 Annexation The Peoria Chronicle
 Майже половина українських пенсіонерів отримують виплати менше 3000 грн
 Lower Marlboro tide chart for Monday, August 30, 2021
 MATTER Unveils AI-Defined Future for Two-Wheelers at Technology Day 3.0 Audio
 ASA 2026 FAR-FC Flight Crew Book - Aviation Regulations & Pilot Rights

...

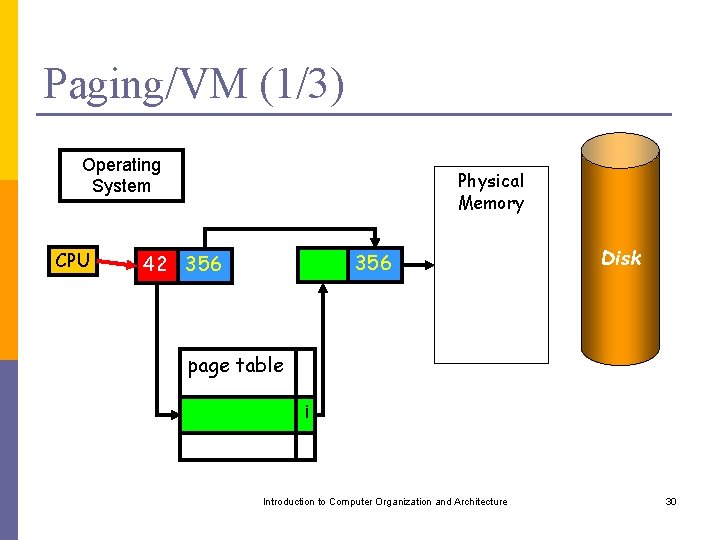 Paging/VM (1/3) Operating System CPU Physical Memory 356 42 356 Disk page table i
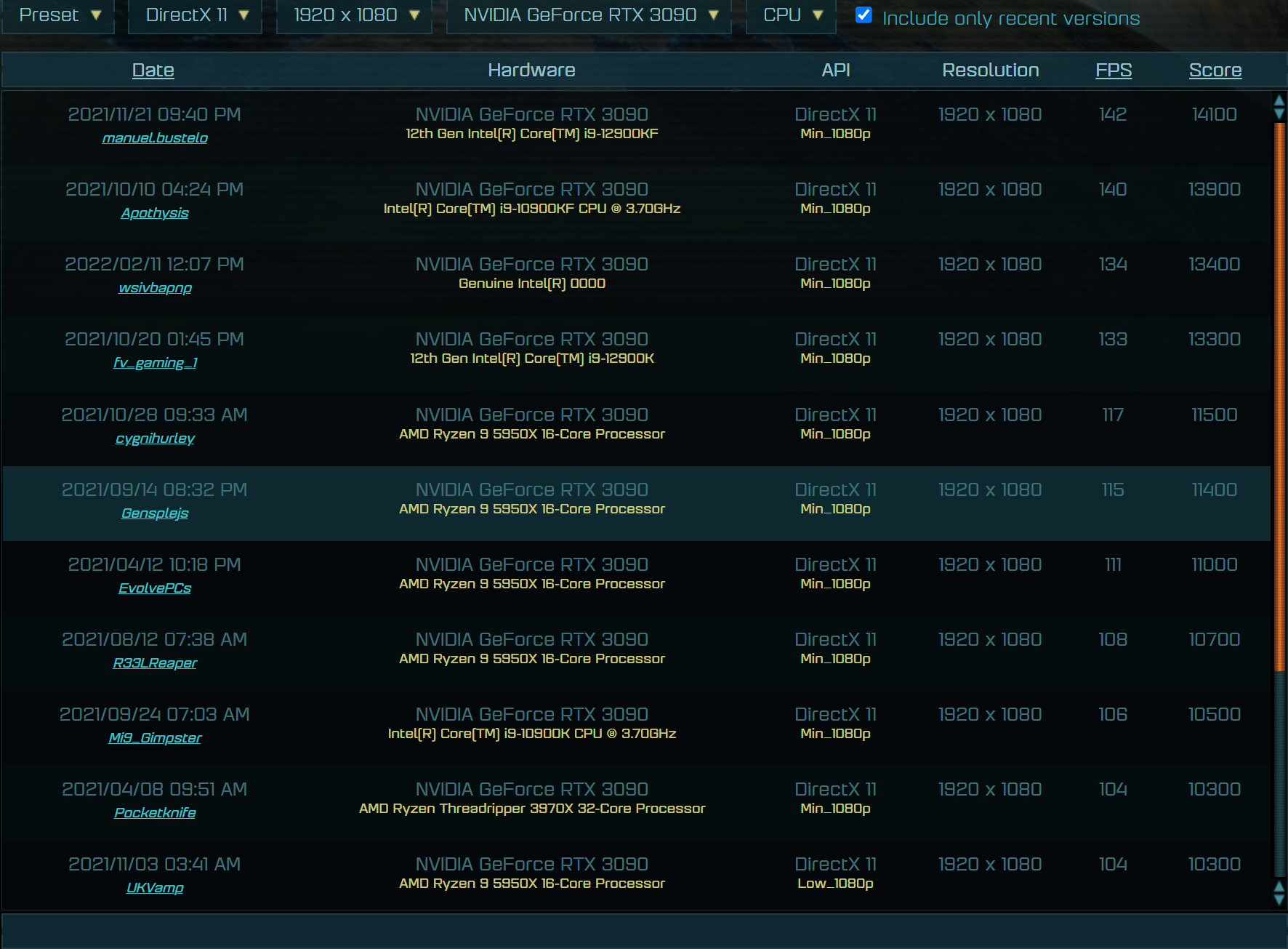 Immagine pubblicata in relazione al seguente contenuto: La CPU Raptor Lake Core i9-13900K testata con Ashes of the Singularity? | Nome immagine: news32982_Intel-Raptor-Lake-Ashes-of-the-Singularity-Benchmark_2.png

* * *

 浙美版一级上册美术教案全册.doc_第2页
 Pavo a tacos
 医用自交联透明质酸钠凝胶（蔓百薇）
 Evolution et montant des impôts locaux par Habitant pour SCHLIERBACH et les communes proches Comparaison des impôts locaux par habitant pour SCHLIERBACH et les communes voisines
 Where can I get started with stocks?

- [WHAT YOU ARE ASKED TO DO]:
Print, from the entries above, the line with "MATTER Unveils AI-Defined", the line with "ASA 2026 FAR-FC" and all lines between them, exactly and with nothing else.

- [RESPONSE TO THIS TASK]:
 MATTER Unveils AI-Defined Future for Two-Wheelers at Technology Day 3.0 Audio
 ASA 2026 FAR-FC Flight Crew Book - Aviation Regulations & Pilot Rights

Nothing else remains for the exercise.